They drank green cocktails with cucumber slices, ate hotdogs on buttered buns, and listened to an a cappella version of “Lilac Wine” sung by a young man with pumpkin orange hair. 

“Drink up, sweets,” Ramona said. She punched her boyfriend’s shoulder.  His bald head glistened under the bar lights. 

I felt the knot on my forehead. Yesterday, she caught me with my back turned. I didn’t see the book coming at me.  

Tonight, she wanted her boyfriend drunk. “Sweets, do you want me?” 

Pumpkin boy was now singing “Tainted Love” with a fake cockney accent. He clapped two beats before singing the refrain and I jumped to his clap.

The barflies watched my small titties bounce.

Ramona didn’t scare me. She thought she did. She didn’t understand that I let her hit me. 
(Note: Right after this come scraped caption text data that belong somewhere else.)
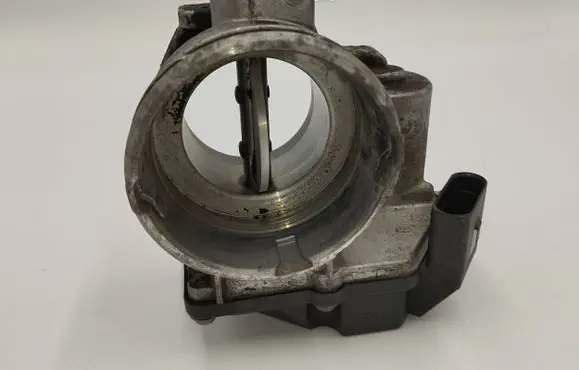Volkswagen Caddy Throttle valve 03G128063A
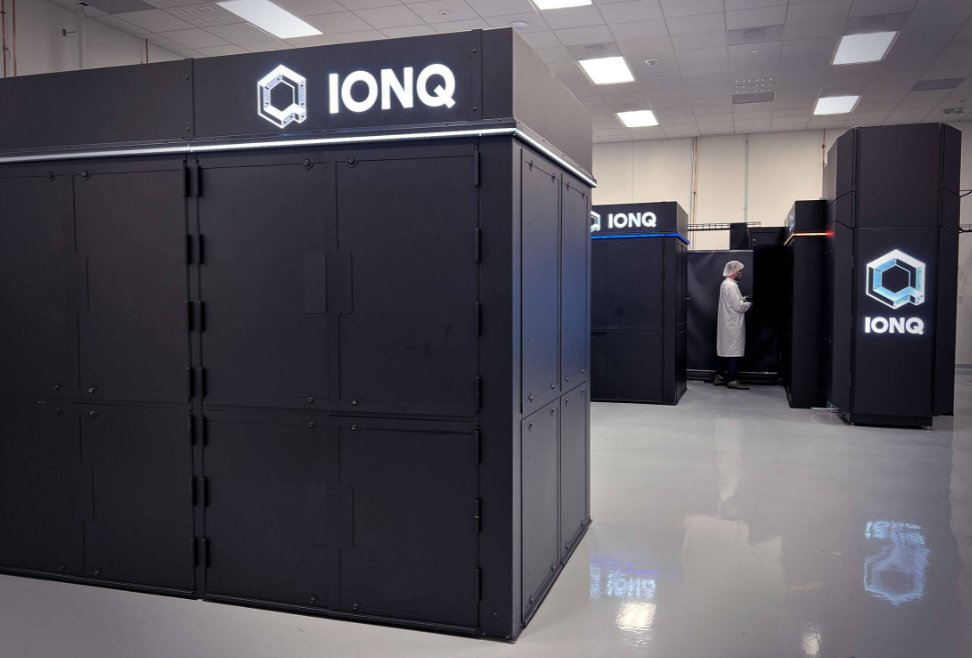 LukeAndersonF6's tweet photo. $IONQ: There are two rooms—make sure you don’t go into the wrong one. (The number is on the homepage; add it to get the full report.)

The first room is the lab. The error-correction decoder runs on a standard CPU, simulating up to 408 logical bits and 31.5 million operations, with latency reduced to 0.02%. This proves that the classical side can keep up—it does not prove that Forte already has 408 logical bits. The decoder and the quantum chip are still two different things.

The second room is the server room. Israel’s natural gas pipeline network and Classiq applied scaled-down pressure optimization to Forte-1, using only two layers of circuitry—compared to the simulator’s 30 layers. The solution falls close to the classical optimum and is effective, but it’s a small network with shallow circuits. Solving the pipeline problem doesn’t mean power grid scheduling has been quantized.

The money is in the third table: machine shipments, cloud usage, and backlog. Cash burn is also on the same sheet. The after-hours session is driven by headlines; Q3 will depend on whether hardware shipments continue.

Today: $42–$48. If the opening price hits above $47, it will first pull back to $43–$45; if it holds steady at $45, it could test $48.
1–3 days: $39–$50. Once the hype fades, it will likely return to around $40.
4 weeks: If Q3 revenue shows backlogs converting to revenue → $44–$55. If only papers and no shipments → $34–$40. $85 is the previous high; that’s not on the cards this week.

The error correction on the CPU is just scaffolding. The pipeline on Forte is a proof-of-concept. The stock price is driven by the next machine, not the next arXiv paper.

#IONQ is not investment advice.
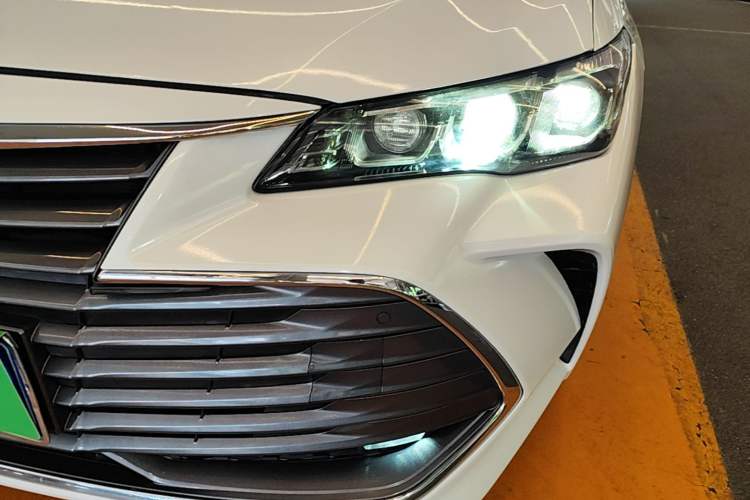 Used Toyota Avalon 2019 2.5L Touring Premium Version China VI Standard Left Front Headlight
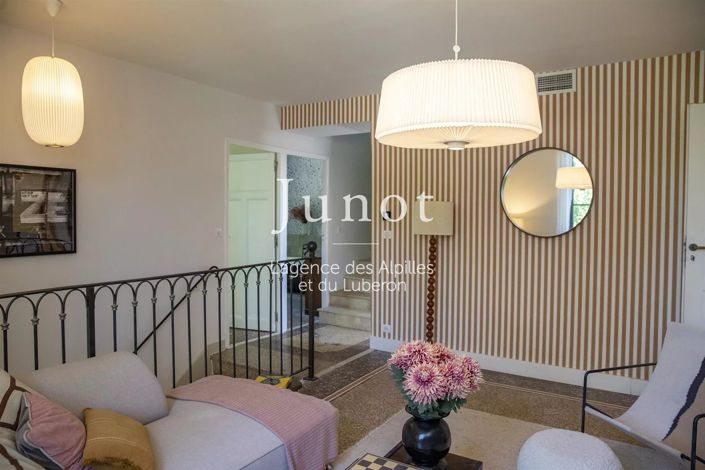 Image No.19-5 Bed House for sale
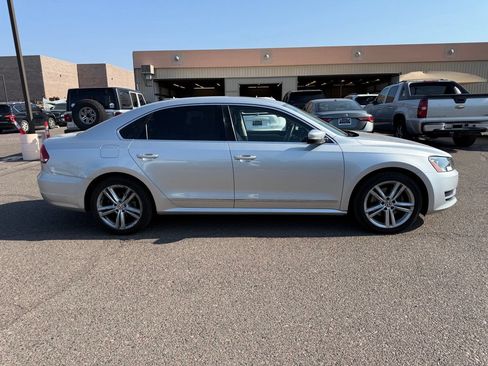 Used 2014 Volkswagen Passat 2.5 SE FWD image 4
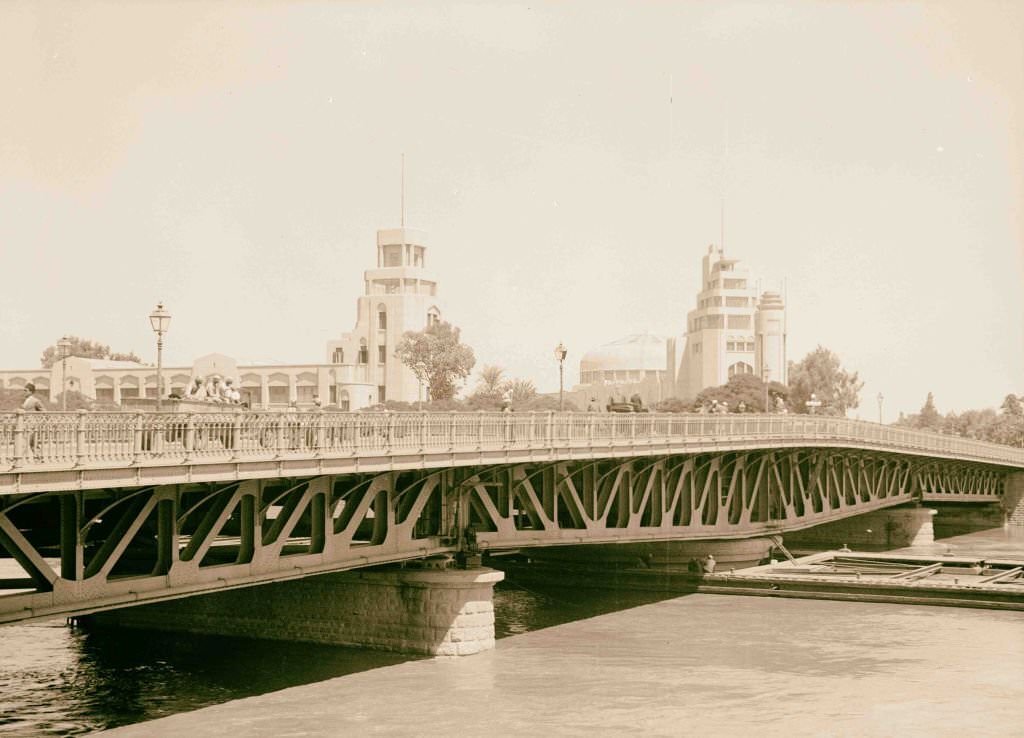 #86 Kasr En-Nil, bridge over the Nile, 1900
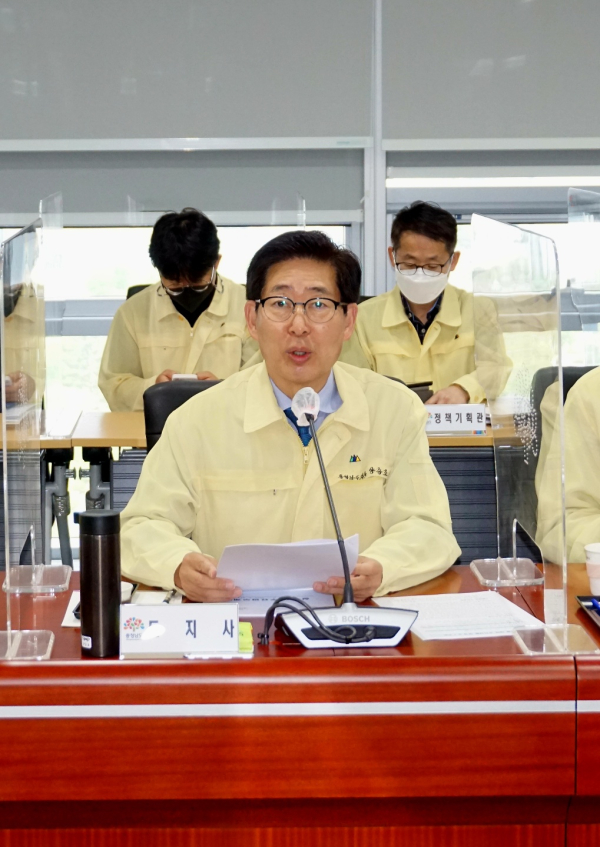 양승조 충남지사가 7일 도 실국원장회의를 주재하고 있다./이성엽 기자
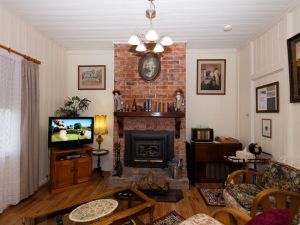 Tenterfield Historic Luxury Cottage - thumb 0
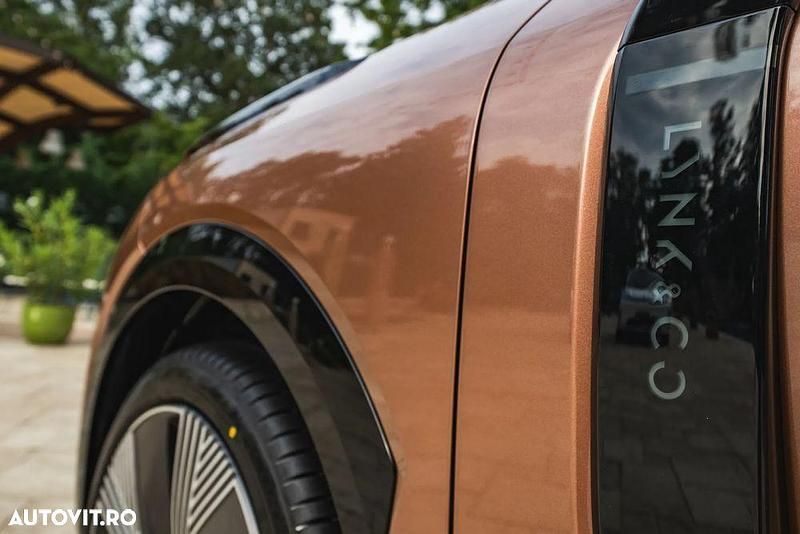 Nouă Lynk & Co 08 345 CP (253 kW) 2025 Culoaregalbeuriu SUV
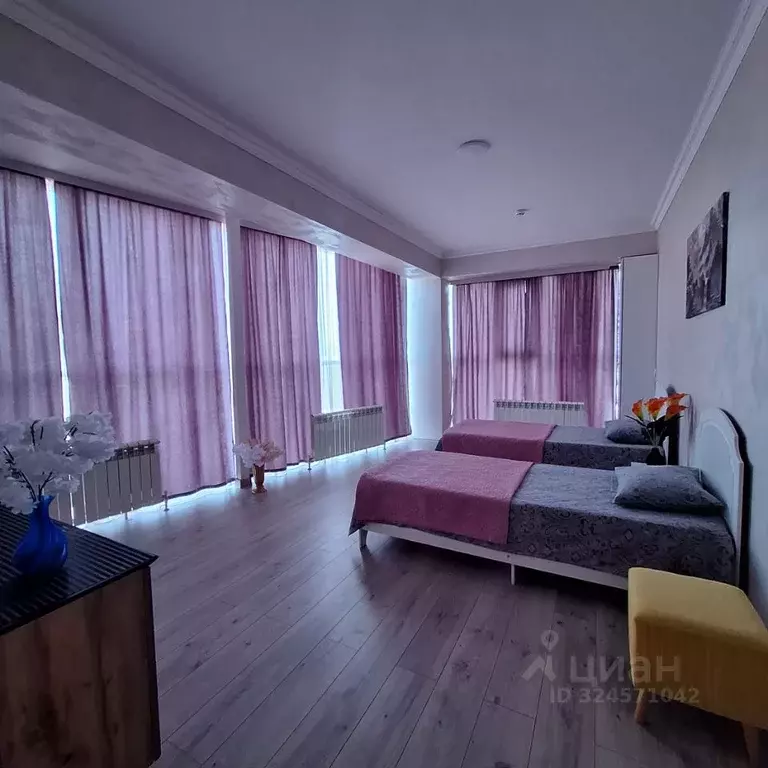 3-к кв. Чеченская республика, Грозный Петропавловское ш., 10Б (150.0 ... - Фото 1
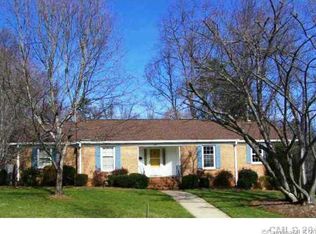 302 Holiday Rd, Gastonia, NC 28054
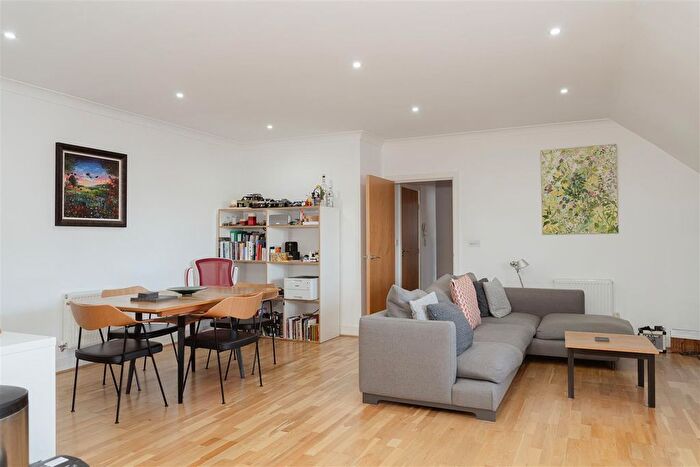 2 Bedroom Flat For Sale In Linkfield Lane, Redhill, RH1
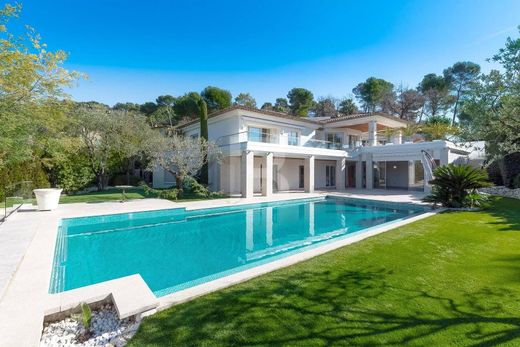 Luxury home in Mougins, Alpes-Maritimes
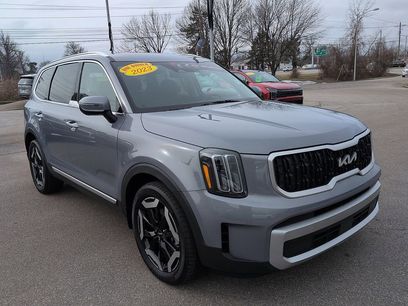 Used 2023 Kia Telluride EX w/ EX Captain's Chair Package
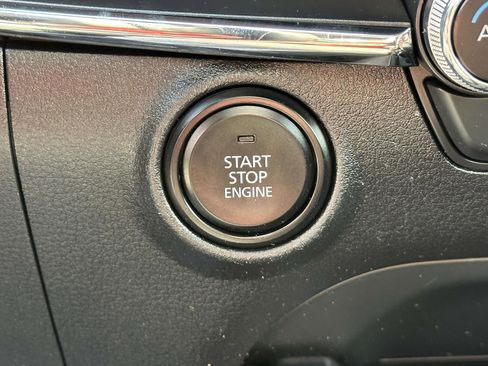 Used 2022 MAZDA MAZDA3 s image 18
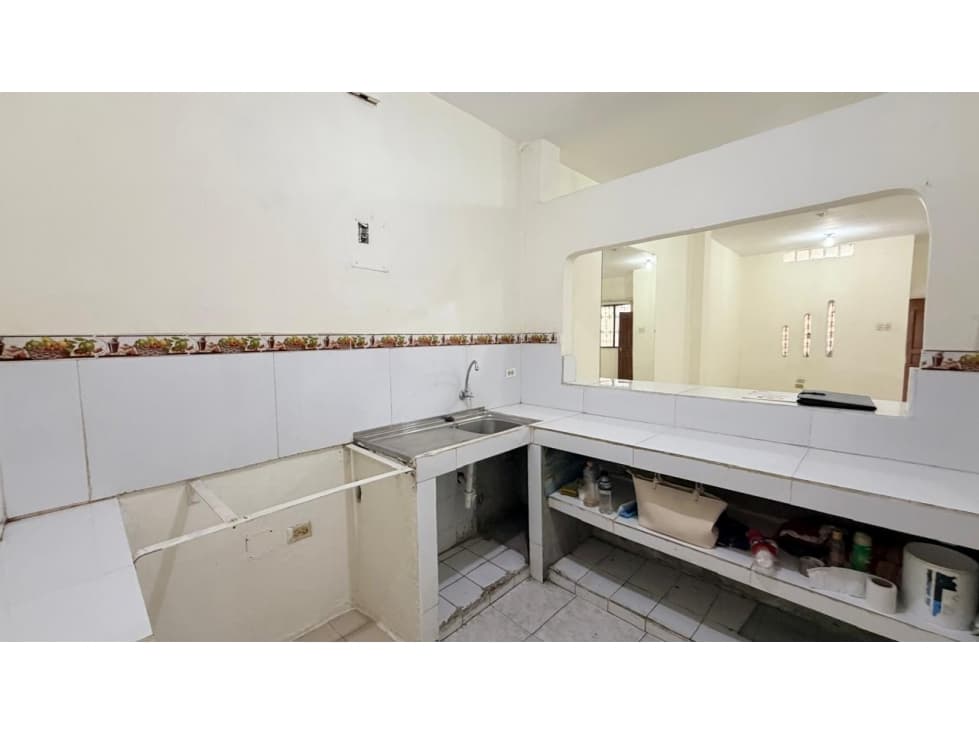 SE VENDE CASA EN EL SUR DE GUAYAQUIL (LILILO) — foto 3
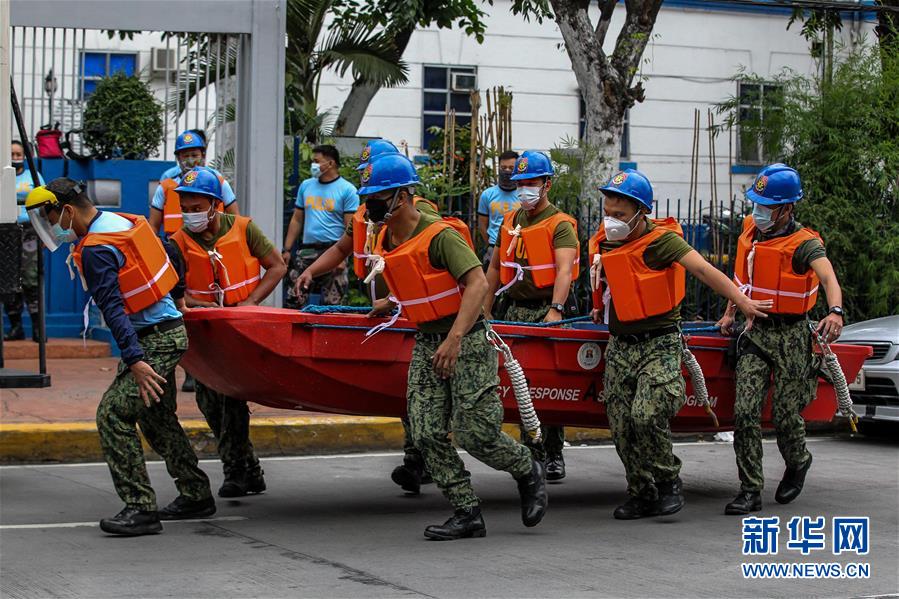 （國際）（1）颱風“天鵝”登陸菲律賓 約百萬居民被疏散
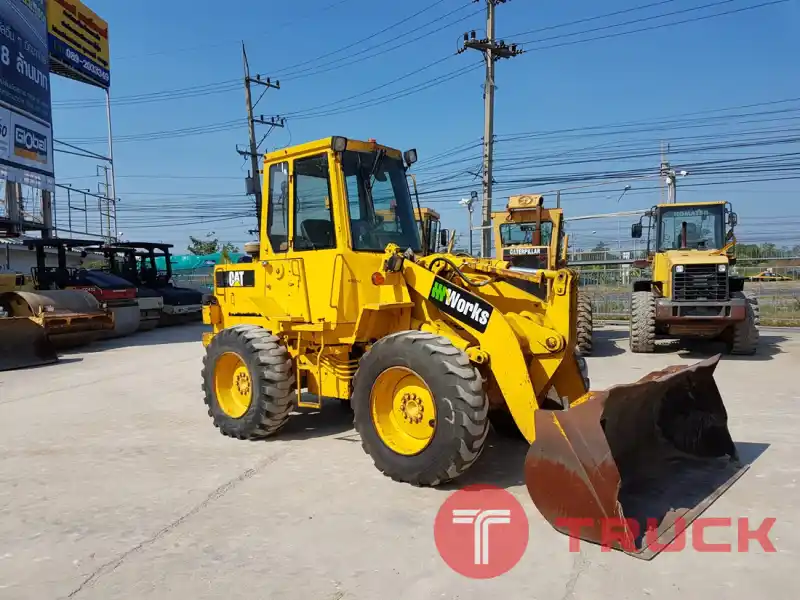 ขายรถตักล้อยาง ยี่ห้อ CATERPILLAR 910E บุ้งกี๋ 1.3 คิว นำเข้าจากอเมริกาแท้ ไม่เคยใช้งานในไทย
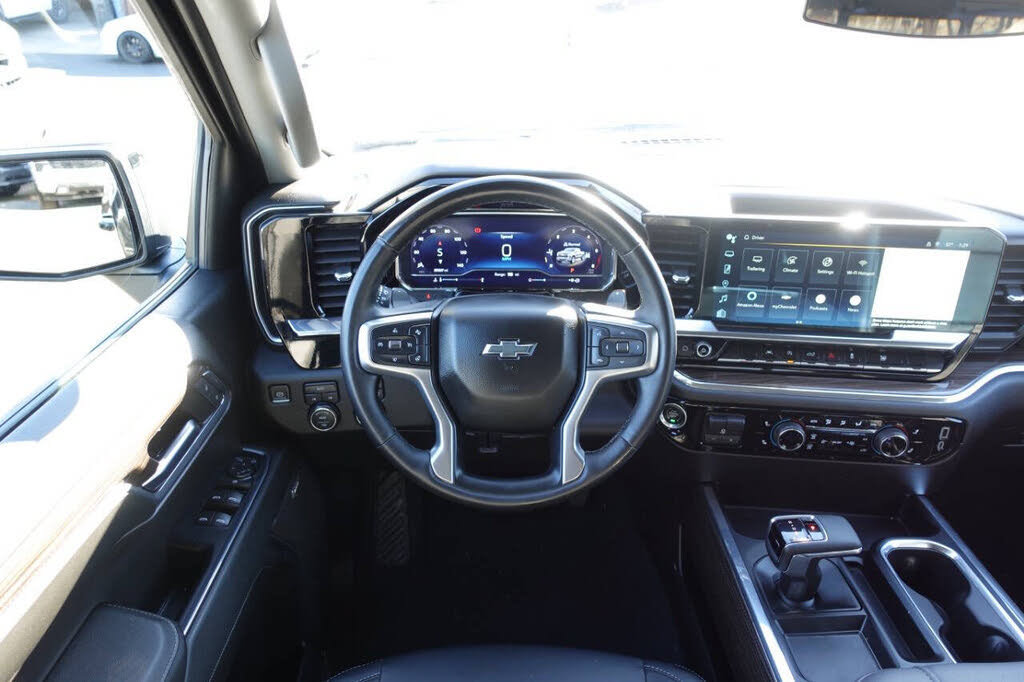 Used 2024 Chevrolet Silverado 1500 RST w/ True North Edition Plus AWD/4WD image 37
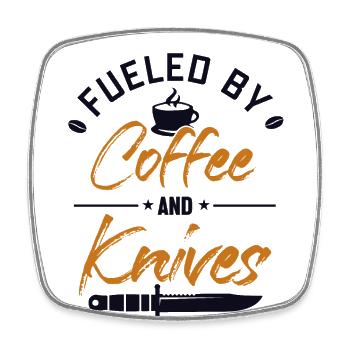 Angetrieben von Kaffee und Messern Metzgermesser Messer - Viereckiger Kühlschrankmagnet - Weiß - Vorne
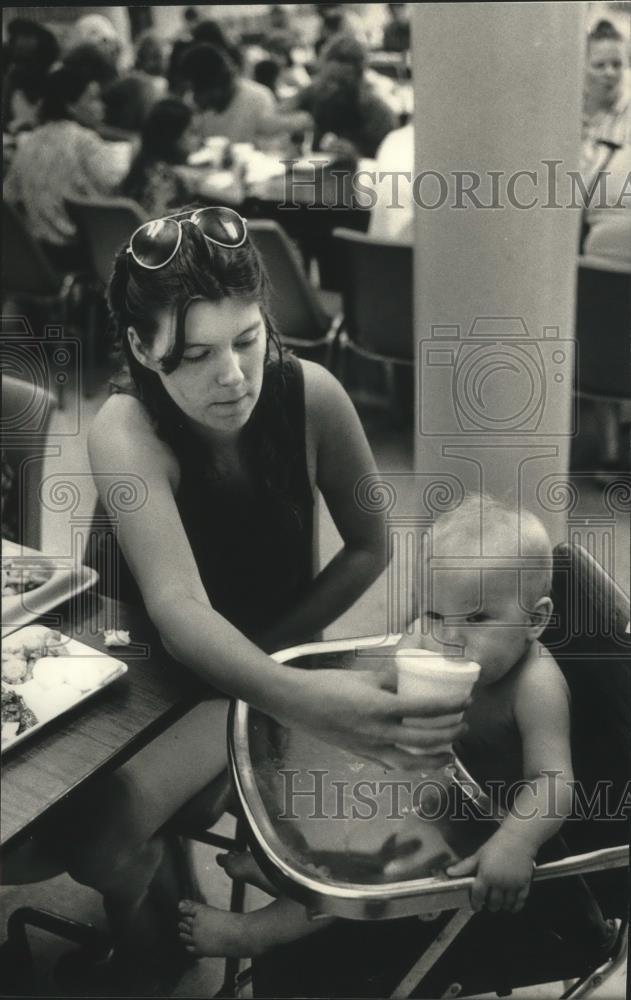 1988 Press Photo Laura Seymour of Milwaukee, son Brandon, St. Vincent de Paul. - Historic Images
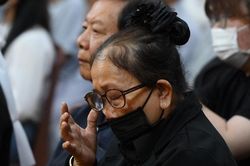 Mẹ Vân Quang Long: 'Trước khi mất, con trò chuyện với tôi mỗi ngày'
I chose to stay with her. I chose not to jump out a window and feel the pavement scratch my heels. 

Tonight, I’m her best friend. “Not my daughter,” she told me earlier as she plucked her eyebrows in front of the bathroom mirror. Eyelids caked with black eyeliner, she turned to me and said, “Blow on them.”

From a WIP vignette collection by Gessy Alvarez.

Featured Image: Frank Habicht’s fifth-floor rooftop in London’s SW5 district served as his “favorite open-air studio” and “was a melting place for exuberant parties on mild summer nights,” he writes in his book.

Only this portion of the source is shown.